Array Pointers in C

Question

Ok, so I'm learning pointers and I am having trouble understanding how the pointers function in arrays.

Basically given this:

int a[5] = {1,2,4,7,7}; // (allocated at 0xA000)    
int b[5] = {4,3,5,1,8}; // (at 0xA0020)    
short *c[2];            // (at 0xA0040)
c[0] = (short *)b;
c[1] = (short *)a;

I'm supposed to determine the values of these calculations.

c[0] + 4 

To my understanding c is an array of pointers. c[0] is a short that holds the pointer to the first element of the array b. If b starts at 0xA0020 why is is that c[0] + 4 is not 0xA0024 and instead it is 0xA0028.

Also, how am I supposed to determine the value of c[1][2]. c is not a multidimensional array, so how would this calculation work out?

Thank you!

Answer 1

Actually, when you add a number to a pointer, this number is multiplied by the size of the element being pointed to (short in your case because you have a short*). The size of short is probably 2 bytes on your computer, hence it adds 4*2 to the address, which is 8.

Here is a link from MSDN that explains this concept:

Click Here

Answer 2

(short *)b; is strictly speaking undefined behavior, anything can happen. So the correct answer to what c[0]+4 holds is anything.

Also, even though a specific compiler may implement this undefined behavior in a particular deterministic way, there would still be no way to tell with the information given. To answer, you would have to know the size of int and short, as well as the endianess of the particular machine.

Answer 3

In your case c[1][2] gives you a following:
"c" - array of pointers to short (as per declaration in you code)
[1] - gives a second element of array of pointers "c" (pointer to array of integers a)
[2] - gives a data (short) at offset of sizeof(short)*2 from the address of element 2 of array "c" (from start of array "a")
So it will be a one half of second element of array "a". What part you get depends on endianness of your machine.
If you have little endian - then you get a 16 lsb bits of second element of "a". It is 0x0002 in hex, or just "2"

Answer 4

To my understanding c is an array of pointers.

Correct, to be precise: array of pointers to short

C[0] is a short that holds the pointer to the first element of the array b. If B starts at 0xA0020 why is is that c[0] + 4 is not 0xA0024 and instead it is A0028.

Nope, C[0] is a pointer to short. short size is 2 bytes. When you add an integer to pointer, you're adding its pointed type. In this case, since C[0] is a pointer to short, C[0] + 4 means C[0] + 4 * 2 in bytes. So, if C[0] points to 0xA0020, C[0] + 4 will point to 0xA0028.

Also, how am I supposed to determine the value of c[1][2]. C is not a multidimensional array, so how would this calculation work out?

Pointer semantic in C enables you to treat pointer as array.
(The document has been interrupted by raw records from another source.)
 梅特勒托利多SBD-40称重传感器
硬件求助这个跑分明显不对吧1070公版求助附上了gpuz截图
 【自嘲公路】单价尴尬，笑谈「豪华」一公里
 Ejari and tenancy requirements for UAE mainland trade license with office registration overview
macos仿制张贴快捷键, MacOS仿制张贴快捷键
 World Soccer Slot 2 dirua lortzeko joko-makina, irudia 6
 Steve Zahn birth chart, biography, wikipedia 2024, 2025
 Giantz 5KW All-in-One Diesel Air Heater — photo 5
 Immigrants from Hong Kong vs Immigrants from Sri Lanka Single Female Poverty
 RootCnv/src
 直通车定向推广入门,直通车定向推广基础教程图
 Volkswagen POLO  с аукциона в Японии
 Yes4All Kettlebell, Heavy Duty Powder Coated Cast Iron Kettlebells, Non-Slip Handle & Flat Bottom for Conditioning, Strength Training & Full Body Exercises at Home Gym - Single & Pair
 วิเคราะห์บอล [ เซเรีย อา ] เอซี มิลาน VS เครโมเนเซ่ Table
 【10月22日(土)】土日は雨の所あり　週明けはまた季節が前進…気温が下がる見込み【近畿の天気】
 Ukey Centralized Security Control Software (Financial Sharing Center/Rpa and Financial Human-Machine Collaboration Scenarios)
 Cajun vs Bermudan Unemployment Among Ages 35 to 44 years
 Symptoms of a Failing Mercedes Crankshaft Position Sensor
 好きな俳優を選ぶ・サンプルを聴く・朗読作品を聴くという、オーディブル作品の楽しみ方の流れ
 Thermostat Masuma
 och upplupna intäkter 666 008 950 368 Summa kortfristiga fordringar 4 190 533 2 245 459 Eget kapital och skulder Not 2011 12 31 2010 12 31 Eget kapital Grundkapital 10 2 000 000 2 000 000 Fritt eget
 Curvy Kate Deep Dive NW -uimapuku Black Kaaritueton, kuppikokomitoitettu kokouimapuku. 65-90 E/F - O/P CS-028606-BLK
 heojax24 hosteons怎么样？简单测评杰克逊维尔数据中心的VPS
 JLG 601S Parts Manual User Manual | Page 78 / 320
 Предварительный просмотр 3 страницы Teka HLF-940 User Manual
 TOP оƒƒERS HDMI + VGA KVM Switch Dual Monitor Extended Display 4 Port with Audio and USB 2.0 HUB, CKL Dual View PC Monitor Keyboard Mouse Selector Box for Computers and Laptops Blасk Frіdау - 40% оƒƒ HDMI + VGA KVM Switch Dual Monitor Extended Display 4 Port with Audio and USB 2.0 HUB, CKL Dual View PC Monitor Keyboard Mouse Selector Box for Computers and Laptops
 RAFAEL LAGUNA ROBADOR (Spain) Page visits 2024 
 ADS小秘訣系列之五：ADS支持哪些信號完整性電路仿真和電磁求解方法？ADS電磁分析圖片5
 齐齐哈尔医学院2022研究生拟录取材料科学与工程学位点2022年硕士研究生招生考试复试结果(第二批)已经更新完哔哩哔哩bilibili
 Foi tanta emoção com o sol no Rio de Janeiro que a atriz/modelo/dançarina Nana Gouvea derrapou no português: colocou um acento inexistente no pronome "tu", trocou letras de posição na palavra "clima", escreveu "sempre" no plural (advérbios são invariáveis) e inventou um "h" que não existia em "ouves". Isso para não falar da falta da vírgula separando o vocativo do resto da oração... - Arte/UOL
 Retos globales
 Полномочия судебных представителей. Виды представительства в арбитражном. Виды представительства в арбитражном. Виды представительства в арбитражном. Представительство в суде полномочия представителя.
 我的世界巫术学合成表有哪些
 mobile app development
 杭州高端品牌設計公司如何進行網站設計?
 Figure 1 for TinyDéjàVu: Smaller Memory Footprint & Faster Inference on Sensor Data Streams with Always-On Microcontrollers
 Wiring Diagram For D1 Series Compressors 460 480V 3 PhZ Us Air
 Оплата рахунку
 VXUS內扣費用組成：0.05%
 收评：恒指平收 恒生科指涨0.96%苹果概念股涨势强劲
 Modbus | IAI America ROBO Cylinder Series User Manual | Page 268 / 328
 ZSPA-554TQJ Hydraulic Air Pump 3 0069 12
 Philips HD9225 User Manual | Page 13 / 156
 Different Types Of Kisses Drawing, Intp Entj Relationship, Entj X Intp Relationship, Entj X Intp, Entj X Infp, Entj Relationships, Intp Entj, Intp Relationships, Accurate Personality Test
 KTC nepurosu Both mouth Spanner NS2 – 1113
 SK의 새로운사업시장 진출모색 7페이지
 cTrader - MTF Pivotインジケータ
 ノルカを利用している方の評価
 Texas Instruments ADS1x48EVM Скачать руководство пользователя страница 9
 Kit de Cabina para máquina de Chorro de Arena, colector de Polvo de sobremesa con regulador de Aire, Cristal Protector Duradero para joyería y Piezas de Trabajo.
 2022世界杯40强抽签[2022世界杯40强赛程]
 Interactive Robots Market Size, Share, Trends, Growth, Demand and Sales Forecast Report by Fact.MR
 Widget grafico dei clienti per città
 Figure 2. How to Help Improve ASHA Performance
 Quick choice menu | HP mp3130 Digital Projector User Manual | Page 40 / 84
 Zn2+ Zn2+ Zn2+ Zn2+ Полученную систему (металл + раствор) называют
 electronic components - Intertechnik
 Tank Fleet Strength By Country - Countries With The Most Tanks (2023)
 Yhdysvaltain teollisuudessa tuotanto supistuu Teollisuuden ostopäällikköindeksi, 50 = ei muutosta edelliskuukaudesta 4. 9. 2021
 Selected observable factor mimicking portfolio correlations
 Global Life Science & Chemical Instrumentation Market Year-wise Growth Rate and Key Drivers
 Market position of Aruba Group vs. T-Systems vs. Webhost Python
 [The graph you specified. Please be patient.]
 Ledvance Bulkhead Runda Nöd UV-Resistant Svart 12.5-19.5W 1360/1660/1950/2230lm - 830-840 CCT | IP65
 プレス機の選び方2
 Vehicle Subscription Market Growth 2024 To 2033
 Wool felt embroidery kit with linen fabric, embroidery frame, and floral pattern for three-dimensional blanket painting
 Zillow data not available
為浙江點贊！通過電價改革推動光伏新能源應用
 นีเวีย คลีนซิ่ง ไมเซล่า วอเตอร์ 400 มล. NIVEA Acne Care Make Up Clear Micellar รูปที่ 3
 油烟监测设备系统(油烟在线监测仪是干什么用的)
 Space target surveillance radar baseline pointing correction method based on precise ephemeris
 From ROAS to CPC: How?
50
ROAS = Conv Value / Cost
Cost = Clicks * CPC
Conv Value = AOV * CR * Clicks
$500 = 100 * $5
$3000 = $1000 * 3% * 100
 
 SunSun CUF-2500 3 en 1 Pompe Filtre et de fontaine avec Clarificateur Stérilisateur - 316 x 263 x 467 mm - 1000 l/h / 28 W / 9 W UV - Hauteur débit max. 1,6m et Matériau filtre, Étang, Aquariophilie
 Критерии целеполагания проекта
Provided this declaration:

int* X;

Then these equation applies:

      *X == X[0]
*(X + 1) == X[1]

or in general:

*(X + n) == X[n]

where n is an integer value.

Your C is an array of pointers, so first dimension would list the pointers, and second dimension is the data pointed by pointer in the first dimension. Use above equation to find the answer to your question.

NOTE: One thing you have to be aware of is the endianness of the machine. Little endian and big endian stores values bigger than a byte (short, long, int, long long, etc.) in different byte order.

Answer 5

c[0] isn't a short that holds a pointer. But rather it's a pointer to a short. And the increment is based on size of what it points to. Which it looks like others have just explained.

Answer 6

This is because the size of a short integer is 2 bytes.

When you do c[0] +4, you're saying, "move forward 4 full spaces from c", where a 'space' is the size of the type c points to (a short, so 2 bytes).

If c were a char*, the result WOULD be A0024 (because a char is 1 byte in size). If it were a long, you'd get A0030 or even more instead-- and so on.